Las sesiones de The division bell, el último trabajo de estudio de Pink Floyd, en 1993, tenían su lado oculto: horas y horas de música grabada, mayormente instrumental, que mostraban a un grupo más interesado en revivir su sonido progresivo, planeador, de los años 70 que en construir canciones para ocupar el hit parade. Una selección de aquellas sesiones, 18 composiciones que duran 52 minutos, enriquecidas con nuevas pistas grabadas por David Gilmour y Nick Mason con un amplio equipo de colaboradores. Es, ahora sí, el último disco de Pink Floyd, su punto y final, o así lo ha anunciado Gilmour.

The endless river, que ha salido esta semana a la venta, puede agradar a los fans de la versión clásica de Pink Floyd, la de las piezas ambientales, envueltas en los teclados místicos de Rick Wright, de ritmos apaisados y construcciones catedralicias. No muestra perfiles inéditos del grupo, ni desvela inquietudes electrónicas fruto de la amistad del grupo, en los 90, con The Orb, como se insinuó. Suena impepinablemente a Pink Floyd, y lleva a la cabeza momentos icónicos de principios de los 70, como el álbum Meddle y piezas como Echoes, de Wright.

El teclista, fallecido en el 2008, es un sigiloso protagonista del disco, y su firma aparece en la autoría de 11 de las canciones, tres de ellas en solitario. El otro polo compositivo es Gilmour, que ha llevado, además, las riendas de la producción junto con Phil Manzanera (el exguitarrista de Roxy Music), el repescado Andy Jackson y Youth (bajista de Killing Joke, responsable de grabaciones de The Verve, Embrace y otros grupos).
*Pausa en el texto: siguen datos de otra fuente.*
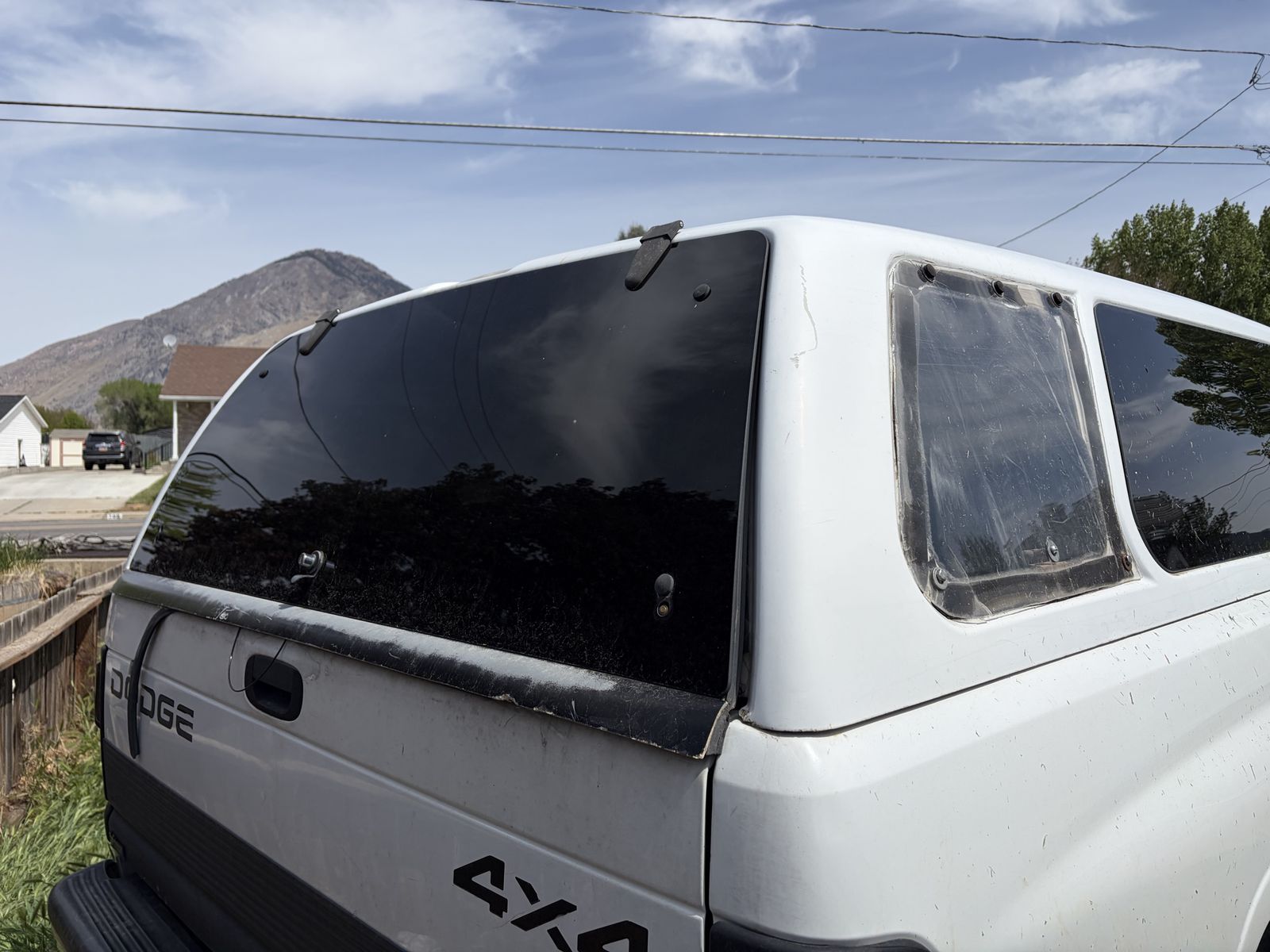 White Truck Camper Shell Topper for 2nd Gen Dodge Ram Short Bed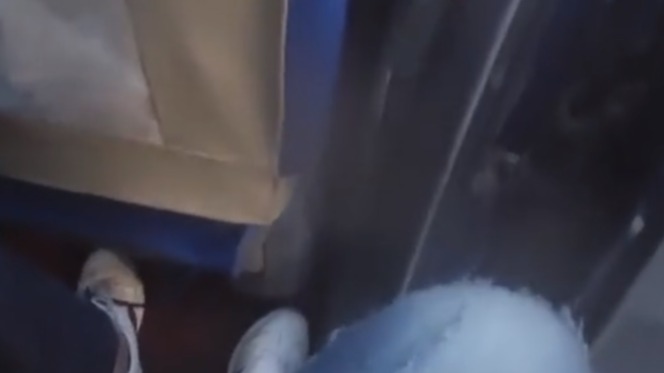 最耿直同事！男子醉酒出租车内昏睡，同事路过揪耳朵训话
Alimenta, más si cabe, los aires de elegía que envuelven el disco la ausencia de Scott Thorgerson, responsable, solo o con sus colegas de Hipgnosis, del diseño gráfico de la mayoría de álbumes de Pink Floyd, y que murió el año pasado. El concepto plástico de The endless river, onírico y melancólico, corre a cargo de su colega de equipo Audrey Powell y del egipcio Ahmed Emad Eldin.

PODER ESPIRITUAL El disco se abre con Things left unsaid..., título que apunta hacia la voluntad de Gilmour y Mason de terminar un diálogo que había quedado abierto. Dan la bienvenida los teclados de Wright con una neblina ambiental que deriva en unos planos cósmicos, con notas aéreas de guitarra, en la transición a la siguiente pieza, It's what we do. Las canciones se suceden sin pausas, encadenando secuencias majestuosas (la épica secuencia de Sum y Skins) y buscando planos emotivos en Anisina, que acoge un solo de saxo que no corre a cargo de Dick Parry, empleado histórico grupo, sino del israelí Gilad Atzmon. Sí que intervienen otros músicos asociados en el pasado a Pink Floyd, como Guy Pratt (bajo) y el productor Bob Ezrin, así como la cantante Durga McBroom, que se hace oír en tres piezas. Aunque la voz más asombrosa es la del científico Stephen Hawking, que irrumpe sampleada, con un tratamiento electrónico, en una pieza titulada Talkin' Hawkin.

La arquitectura tradicional del grupo se muestra en la vigorosa Allons-y y, en el clímax del disco, Louder than words, donde irrumpe, por fin, la voz de Gilmour, arropada por una masa coral con reflejos espirituales. "Son más fuertes que las palabras / las cosas que hacemos / Es más fuerte que las palabras / la manera en que las desplegamos". Mensaje que parece apelar enigmáticamente a la energía latente que ha impulsado a Pink Floyd durante cerca de cinco décadas, más allá de los silencios y, quizá, de su propia liquidación. Así culmina The endless river, el disco que, según parece, escribe el último capítulo de este grupo fundamental, que llevó la experimentación en el rock a los estadios, y que Roger Waters, ausente en esta operación, pretendió liquidar, ingenuamente, en 1983 con The final cut.